Return the data below exactly, minus the pictures.

*DATA EXCERPT*:
==============================
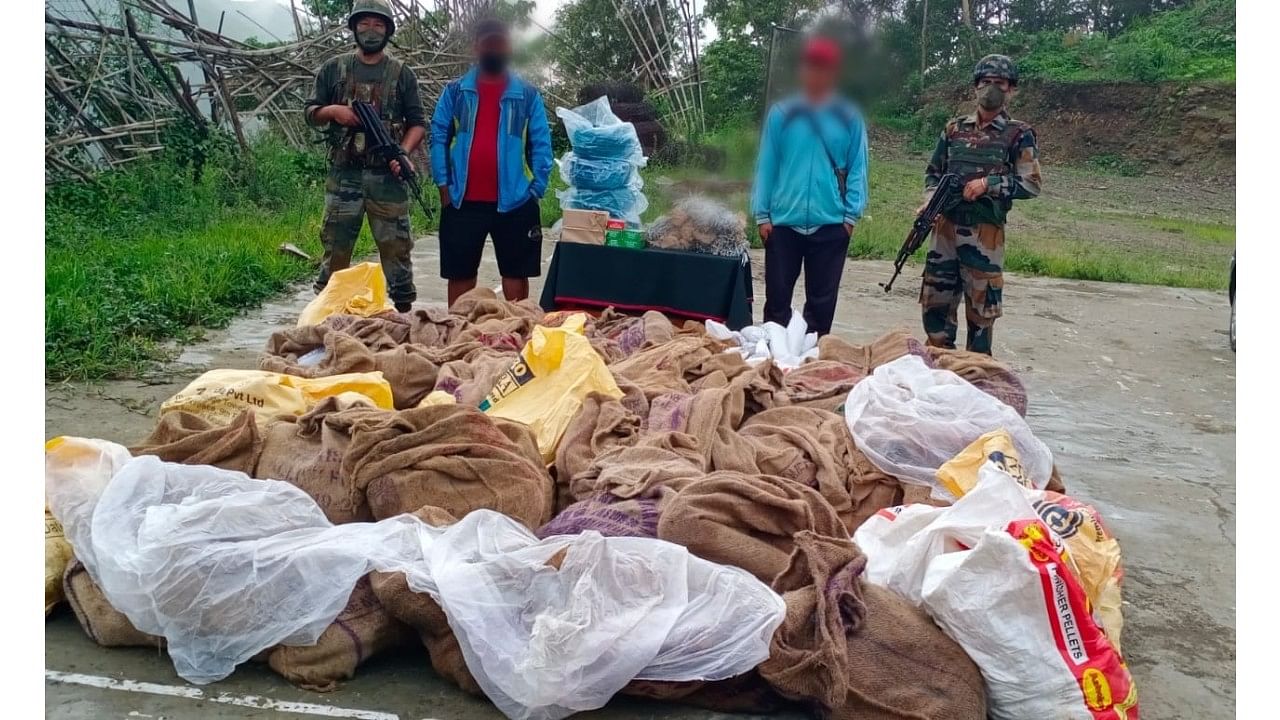 Assam Rifles had recovered the explosives in Mizoram on June 21. Credit: IANS Photo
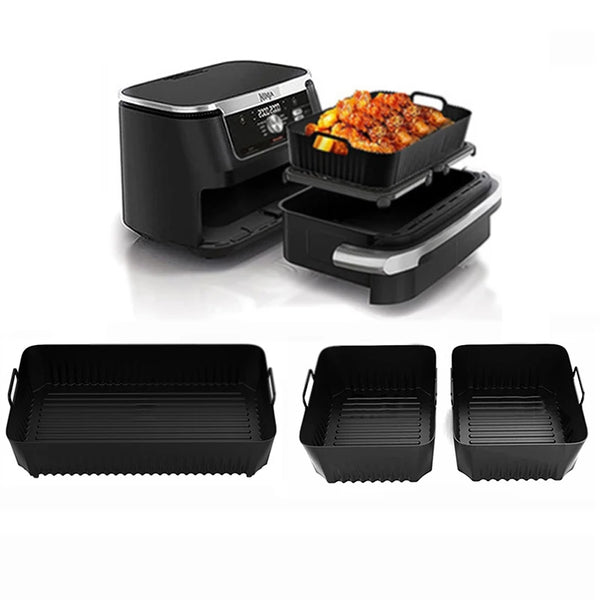 Molde de silicona para freidora de aire, bandeja de repuesto para cesta de freidora Ninja, bandeja de horno reutilizable, revestimiento antiadherente de silicona para freidora de aire
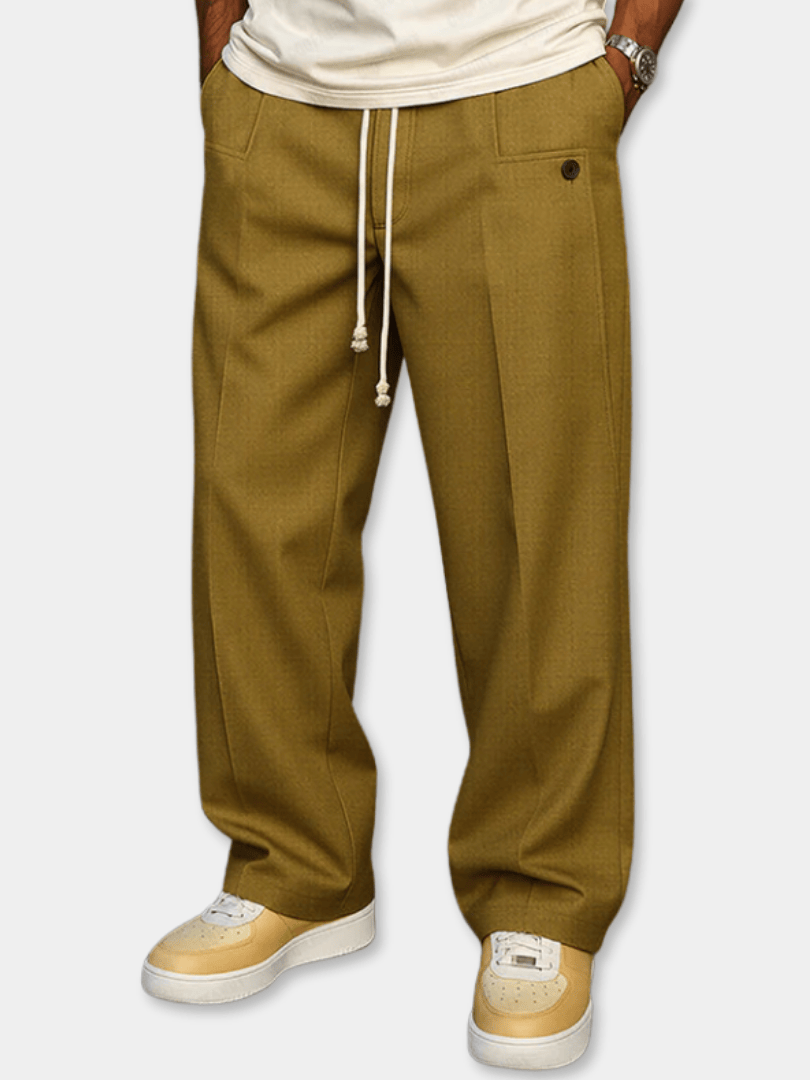 🔥Men's Modern Ease Wide-Leg Drawstring Trousers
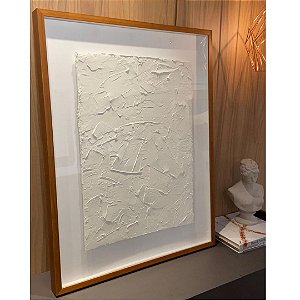 Quadro Decorativo Flutuante Maxi Textured White. Medida 70x100. Moldura Freijó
==============================
*ANSWER TO THE EXERCISE*:
 Assam Rifles had recovered the explosives in Mizoram on June 21. Credit: IANS Photo
 Molde de silicona para freidora de aire, bandeja de repuesto para cesta de freidora Ninja, bandeja de horno reutilizable, revestimiento antiadherente de silicona para freidora de aire
 🔥Men's Modern Ease Wide-Leg Drawstring Trousers
 Quadro Decorativo Flutuante Maxi Textured White. Medida 70x100. Moldura Freijó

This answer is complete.